The judgment and ostracism that society piles on people who take on “low station” jobs.
While the trilogy never fully accepts these jobs as fine life choices, it reserves its harshest lens for assholes who punch down at those who take them. For all the disrespect that Randall throws at customers, they’re usually throwing a lot more his and Dante’s way. (ex. “that’s why you’re jockeying a register at a fucking convenience store.”)
While this “enemy” isn’t necessarily central to the plot of the movies, it’s always simmering in the background and boils over into the clerks’ psyche in their moments of self-loathing.
Walt Wiltman’s favorite line
Gary Vee’s work-humper take
“I also used to grind away at a store. Big whoop, cry me a river. But you know what I DIDN’T do? Play hockey and diddly-dance on the roof. If I ever left my job, it was to HUSTLE my way away from that dump. And FORGET ABOUT banging my manager in the prep room. Friends and sex? Outta my face with that LOSER SHIT.”
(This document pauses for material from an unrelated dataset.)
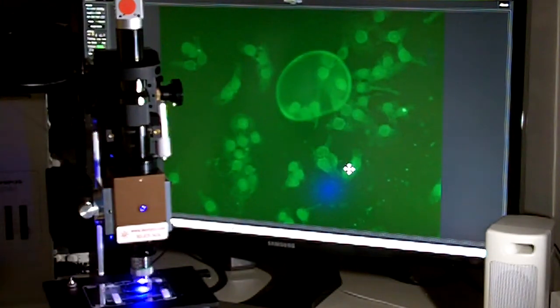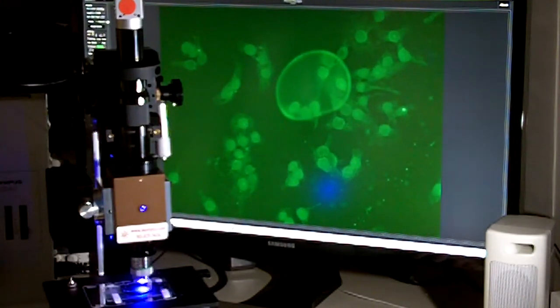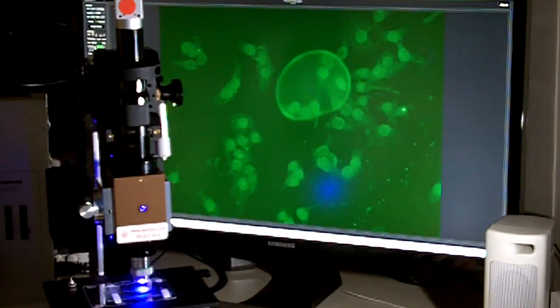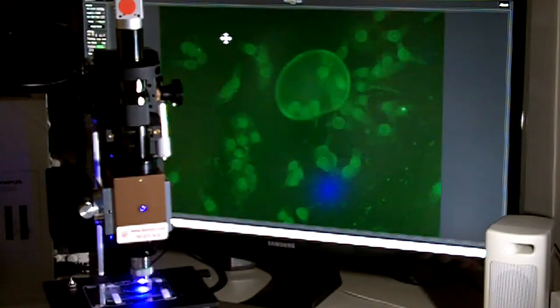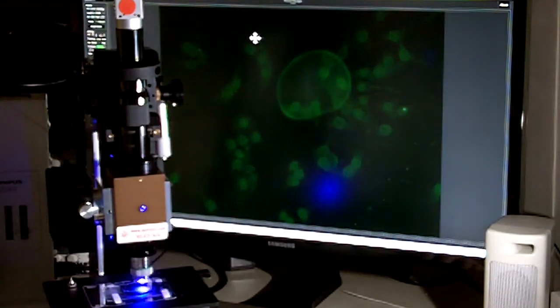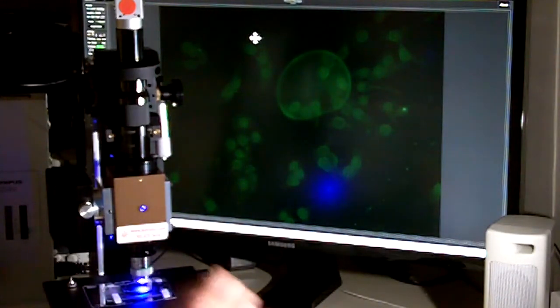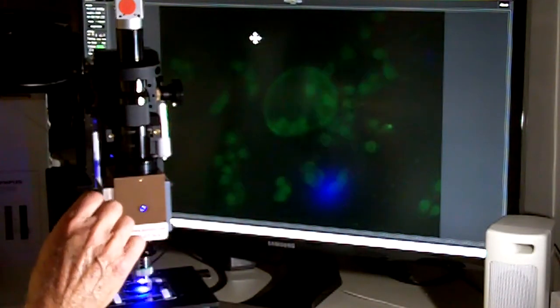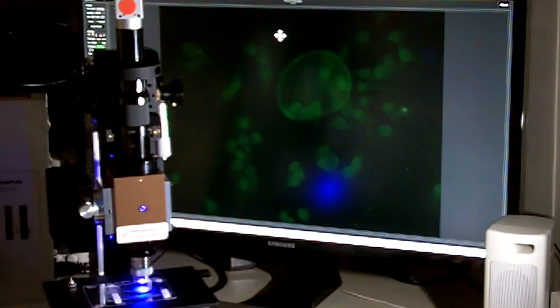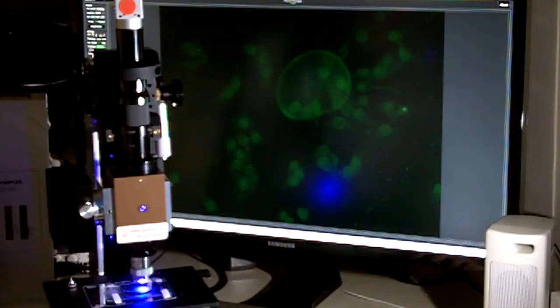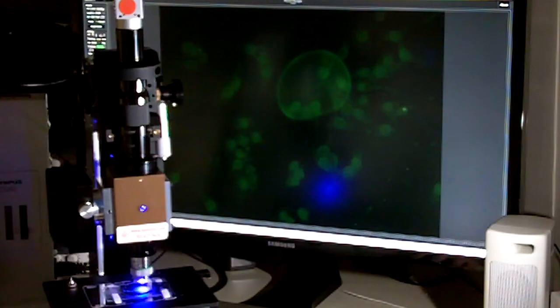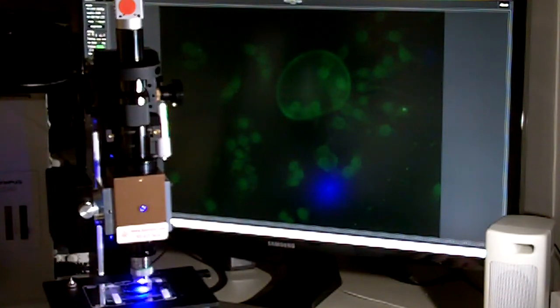Or we can go into the software and tweak the exposure and the gain. Here we can set the gain on automatic and turn it off if we need to and adjust the gain manually.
Are there any slacker-like innovations in the technique of the film itself?
Plot / Setting
Mise-en-scéne / Color
Editing / Pacing
Sound / Music
Like Cheech and Chong, these films are lush in non-sequitor skits which give the film a meandering, free-form feel. However, Clerks sticks with discipline to cause-and-effect, setup-payoff plotting structures—it simply leaves space to fit adjacent, non-plot gags and pop culture debates. Also notable: the films fulfill their plot without resolving their protagonists' established flaws (except perhaps in CIII, where they’re barely resolved, and only at death’s door).
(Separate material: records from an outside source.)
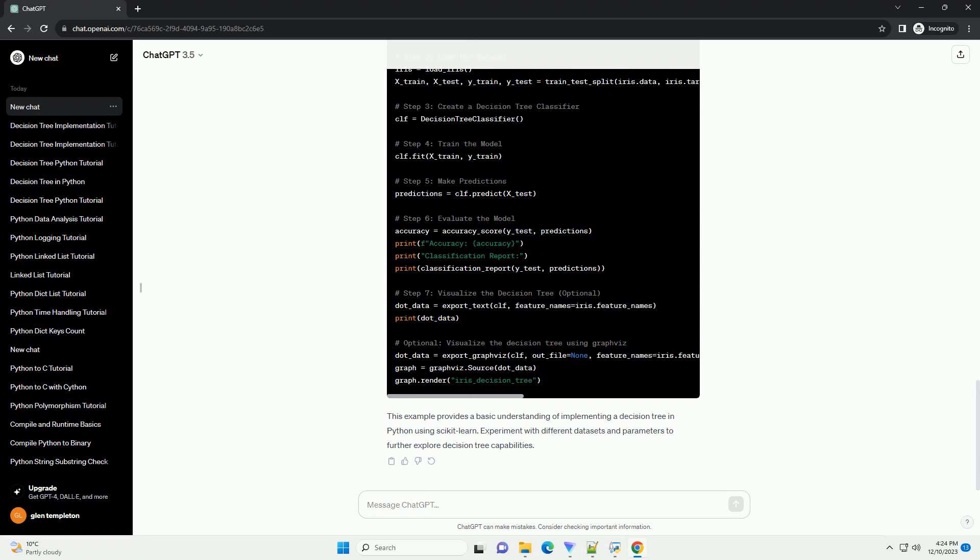Import necessary libraries. Load the dataset. For this tutorial, we'll use the iris dataset, which is included in Scikit-learn. Create a decision tree classifier.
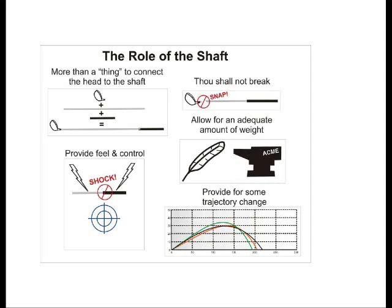The shaft needs to have the right amount of weight. Too light and you end up playing Zorro golf — just waving the club with no idea where the ball is going. Too heavy and it's too difficult to swing efficiently, so there's a balance. Lastly, the shaft should have some latitude to change trajectory through the stiffness distribution of the shaft or the balance point of the shaft. Those are the key roles of the shaft.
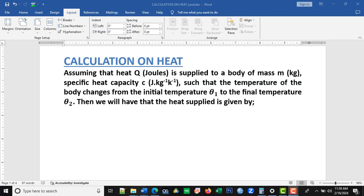We want to look at calculation on heat. The statement says: assuming that heat Q in joules is supplied to a body of mass in kilograms, with specific heat capacity in joules per kilogram per kelvin, such that the temperature changes from initial temperature theta 1 to final temperature theta 2. Before we go to the expression for heat supply, let's look at the quantities and their units — it's very important.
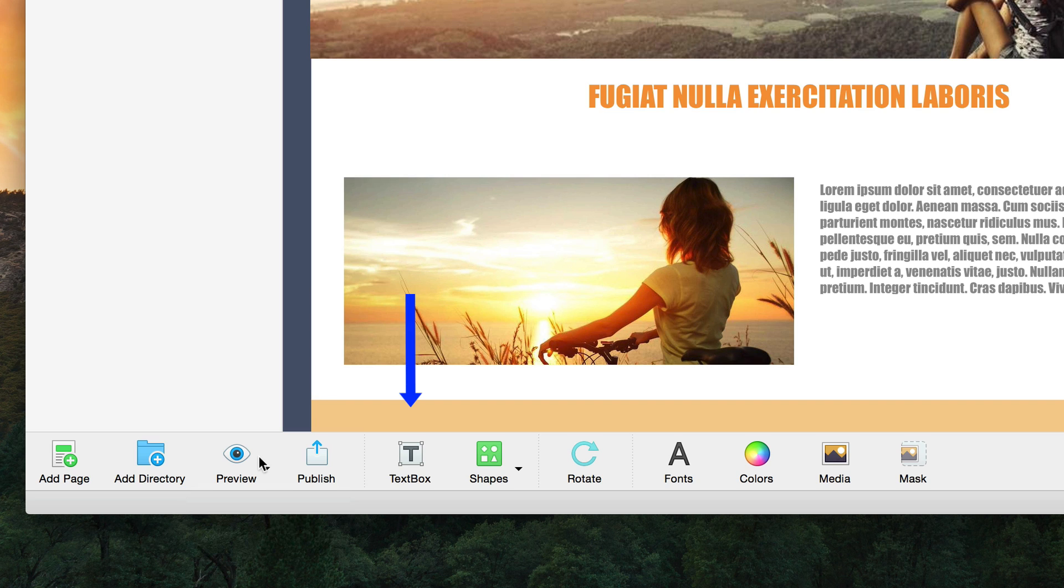The text box option will allow you to add a text box to your site. To learn more about text on your site, please see the all about text video tutorial.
Beyond story and character, I enjoyed the inventive blocking of shots that sprung from constantly showing clerks doing non-work activities (reading the paper, playing cards, etc.) at their post.
Side rant: is it so bad if employees play games and read at their jobs? Why the insistence of keeping a “ready” posture even when there’s nothing to do? It reminds me of working at a restaurant where we were often empty (it was terribly run) and I liked to read while waiting for customers. Even though I never failed to dutifully bus tables for whoever came in, there was always at least one narc coworker who complained. It didn’t help that I made the reading extra cozy by helping myself to hot apple cider, but the point stands.
What would I want to keep for our slacker film? What do I want to leave behind or improve?
The main thing I love about these films is the introspection around what the “low status” label means and the inner torment it causes (I especially liked that CIII involves elder slackers reflecting on their life). I’m definitely of the philosophical navel-gazing bent, so I wouldn’t be surprised if our slacker film has a similar element.
Slacker conventions aside, there is a ton to draw from Clerks as a master case in low-budget film techniques:
The economical writing where, like a master short story author, Kevin Smith leaves the biggest events (Dante’s romantic entanglements, Becky’s death) in the backstory while still using them to impact the movie’s structure and rhythm. This, in turns, allows for…
The skillful use of one or two locations. Kevin Smith puts on a clinic for how to give a single location multiple inventive visual treatments to keep things fresh and interesting.
Great dialogue and a wealth of hilarious one-liners carrying the film. Great writing doesn’t cost much.
I’d love to discard the trilogy’s hedging on its support for slackers. What if Clerks had fully embraced being a clerk (not an owner, not a clerk-filmmaker hybrid) as acceptable? What if Randall and Dante had come to sincerely, unabashedly enjoy their lives? Why couldn’t that be OK?
If we’re gonna bother creating a new slacker archetype, I don’t want to then apologize for it by having them find “respectability” as framed by work-humpers. That’s my main pushback against an otherwise excellent entry in the genre’s canon.